Question

If the value of \[\cos \theta =\dfrac{7}{25}\], find the value of other trigonometric ratios.

Answer 1

Hint: In this question, we are given the value of \[cos\theta \] and we are asked to find all other trigonometric ratios. We have to find all the trigonometric ratios, step by step. We know the identity, \[{{\sin }^{2}}\theta +\text{ co}{{\text{s}}^{2}}\theta =1\] . Using this relation, \[\sin \theta \] can be obtained. Now, we have the value of \[\sin \theta \] and \[\cos \theta \] . Using the value of \[\sin \theta \] and \[\cos \theta \], \[\tan \theta \] can be calculated.

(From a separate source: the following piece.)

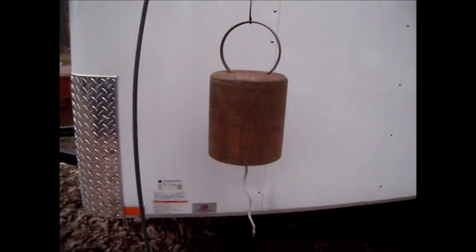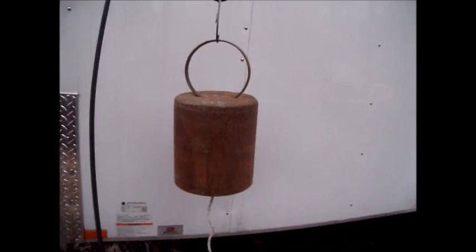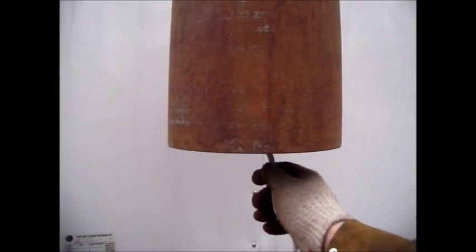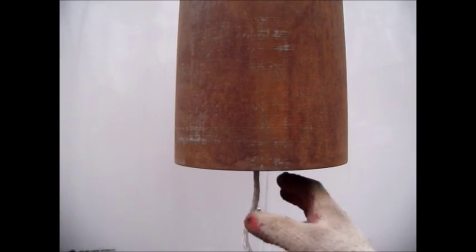Hello everyone, this is Pat from PSACustomCreations. This bell is made from the bottom of an old big welding cylinder, so it's nice and thick and heavy duty. This thing probably weighs close to 20 pounds.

Now, other remaining trigonometric ratios can be calculated by finding the reciprocal of these trigonometric ratios.

Complete step-by-step answer:
Now, according to question, it is given that, \[\cos \theta =\dfrac{7}{25}\]………………….(1)

We know the identity, \[{{\sin }^{2}}\theta +\text{ co}{{\text{s}}^{2}}\theta
=1\]……………………(2)

Taking \[co{{s}^{2}}\theta \]to the RHS in the equation (2), we get

\[si{{n}^{2}}\theta =1-{{\cos }^{2}}\theta \]…………….(3)

Now, \[\sin \theta \] can be easily expressed in terms of \[cos\theta \] .

Taking square root in both LHS and RHS in equation (3), we get

\[sin\theta =\sqrt{1-{{\cos }^{2}}\theta }\]……………(4)

In question, we are given the value of \[cos\theta \] . Putting the value of \[cos\theta \] from

equation (1) in equation (4), we get

\[\begin{align}

  & sin\theta =\sqrt{1-{{\cos }^{2}}\theta } \\

 & \Rightarrow sin\theta =\sqrt{1-{{\left( \dfrac{7}{25} \right)}^{2}}} \\

 & \Rightarrow sin\theta =\sqrt{1-\dfrac{49}{625}} \\

 & \Rightarrow sin\theta =\sqrt{\dfrac{625-49}{625}} \\

 & \Rightarrow sin\theta =\sqrt{\dfrac{576}{625}} \\

 & \Rightarrow sin\theta =\dfrac{24}{25} \\

\end{align}\]

Now, we have \[sin\theta =\dfrac{24}{25}\]……………….(5)

From equation (1) and equation (5), we have got the values of \[cos\theta \] and \[\sin

\theta \] .

Using equation (1) and equation (5), we can find the value of \[\tan \theta \] .

We know that, \[\dfrac{\sin \theta }{\cos \theta }=\tan \theta\]…………………….(6)

Putting the values of \[cos\theta \] and \[\sin \theta \] in equation (6), we get

\[\begin{align}

  & \tan \theta =\dfrac{\sin \theta }{\cos \theta } \\

 & \Rightarrow \tan \theta =\dfrac{\dfrac{24}{25}}{\dfrac{7}{25}} \\

 & \Rightarrow \tan \theta =\dfrac{24}{7} \\

\end{align}\]

Now, we also have

\[\tan \theta =\dfrac{24}{7}\]………………..(7)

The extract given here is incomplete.